Dans les locaux policiers, plus particulièrement dans le bureau de Licci,
l’ambiance n’était pas à l’euphorie. Les enquêteurs étaient revenus des îles et ils
rentraient bredouilles. Aucune prise, pas une touche, rien ! Le ciel s’obscurcissait
au-dessus d’eux et les autorités ne tarderaient pas à réclamer des résultats.

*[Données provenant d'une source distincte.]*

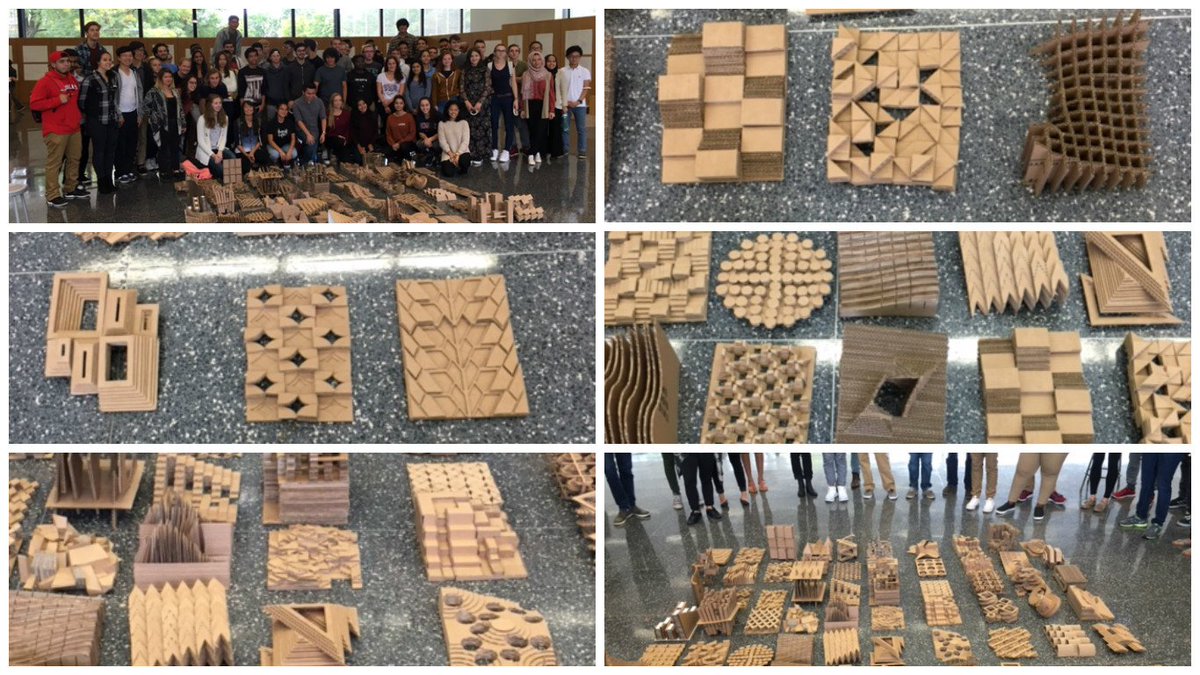 IITFacilities's tweet photo. We handed over boxes that classroom chairs came in to Architecture prof. Nagle for her students' 3D model projects! Awesome repurposing! https://t.co/Uky7kdBoNX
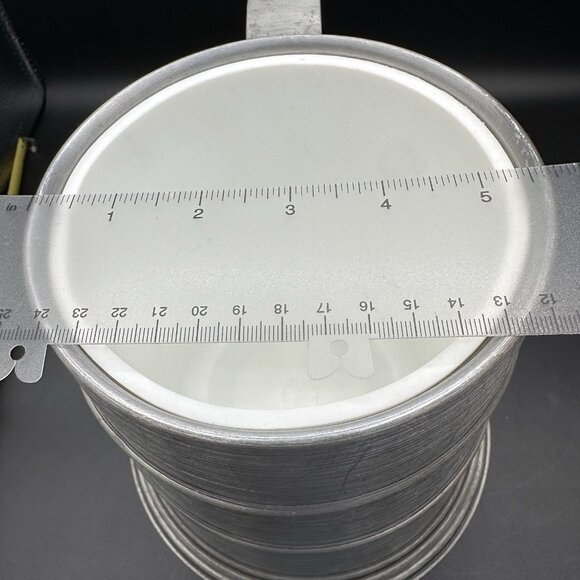 Vtg Made In Italy Metal Ice Bucket Beer Stein Plastic Liner 9.5” Mid Century 60s - Picture 2 of 16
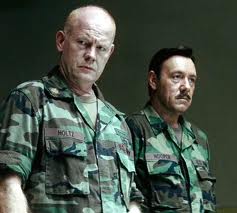 Glenn Morshower and Kevin Spacey in The Men Who Stare at Goats.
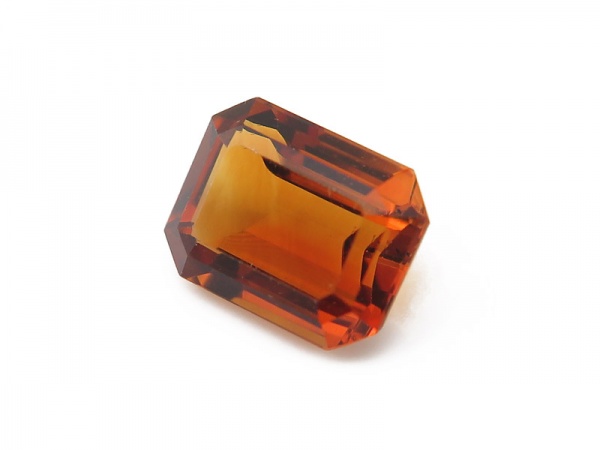 Madeira Citrine Faceted Octagon 9mm x 7mm
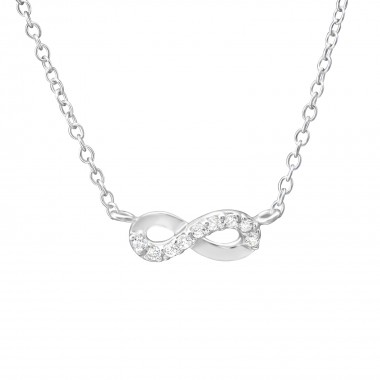 Infinity - 925 Sterling Silver Necklaces with Stones SD35270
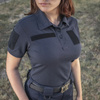 M-Tac Koszulka Polo Taktyczna 65/35 Lady  - Dark Navy Blue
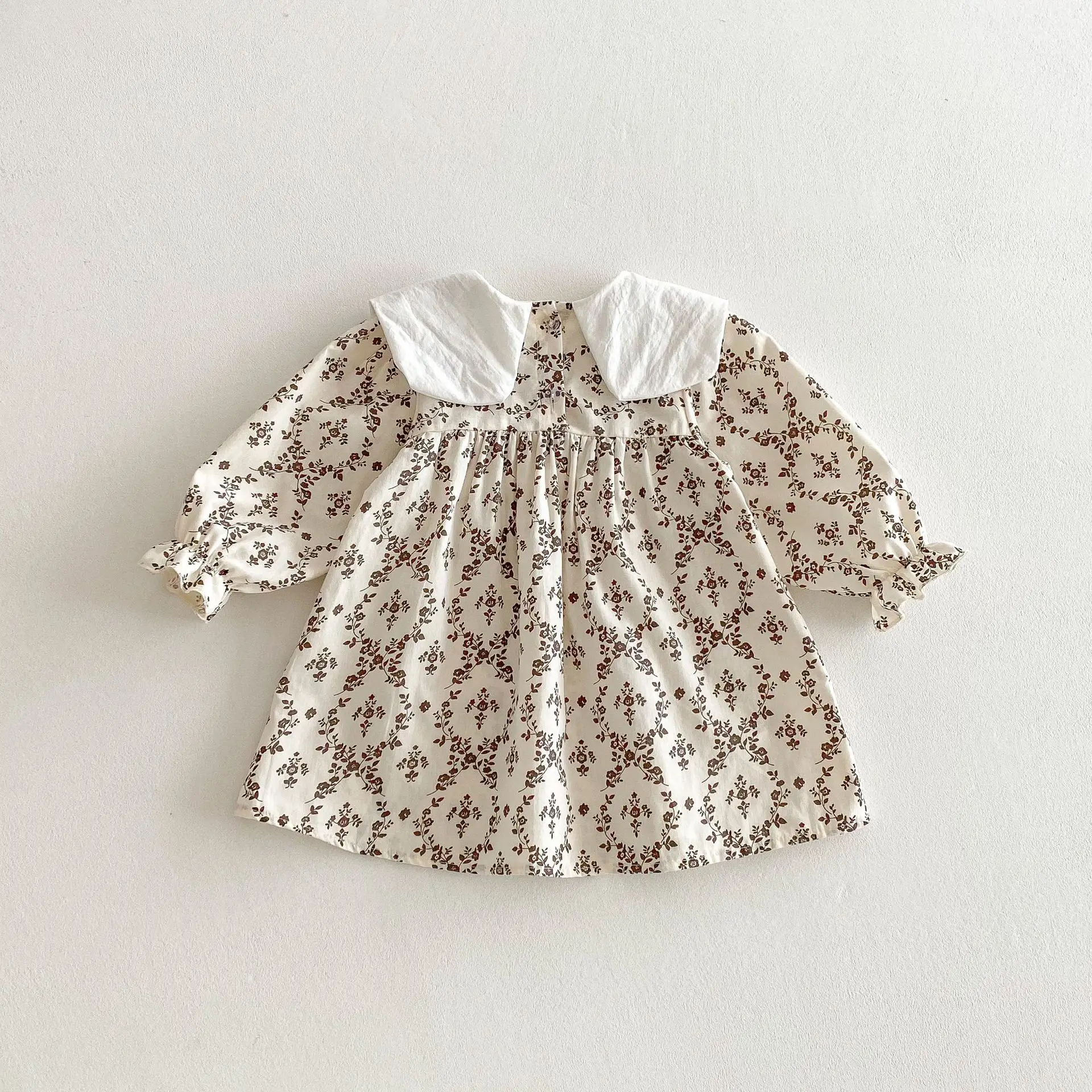 2025 Autumn New Girls Casual Dress Children Large Collar Flower Embroidery Dress Cotton Baby Girl Floral Princess Dress 13 Scd01b0cc887c4b8fb77baa7068bca777V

L’éternelle exigence des politiciens allait s’exprimer, ils voulaient des têtes pour
satisfaire l’électorat.
Les hommes du commandant Licci effectuaient des recoupements auprès
des gondoliers. Eux aussi voyaient et entendaient beaucoup de choses au fil de
l’eau. Ils étaient souvent témoins de confidences échangées sur les banquettes des
gondoles, dans le tumulte du grand canal ou dans le calme des petites passes. Les
amoureux oubliaient le reste du monde et se laissaient aller à parler librement en
présence de leur guide. Cependant, les gondoliers arrivèrent aux mêmes constats, ils
ne pouvaient identifier avec certitude un individu masqué et costumé. La difficulté
se révélait de plus en plus insurmontable.
Les amis des pigeons ne furent guère loquaces. Ils braillaient davantage lors
de la vente des sachets de graines de maïs. À la demande de Sagol, Licci envoya des
hommes questionner les grainetiers de Saint-Marc. Les policiers interrogèrent sans
succès une dizaine de vendeurs : ils avaient vu au moins cinquante colombines. Le
carnaval protégeait les assassins, l’anonymat permettait tous les forfaits.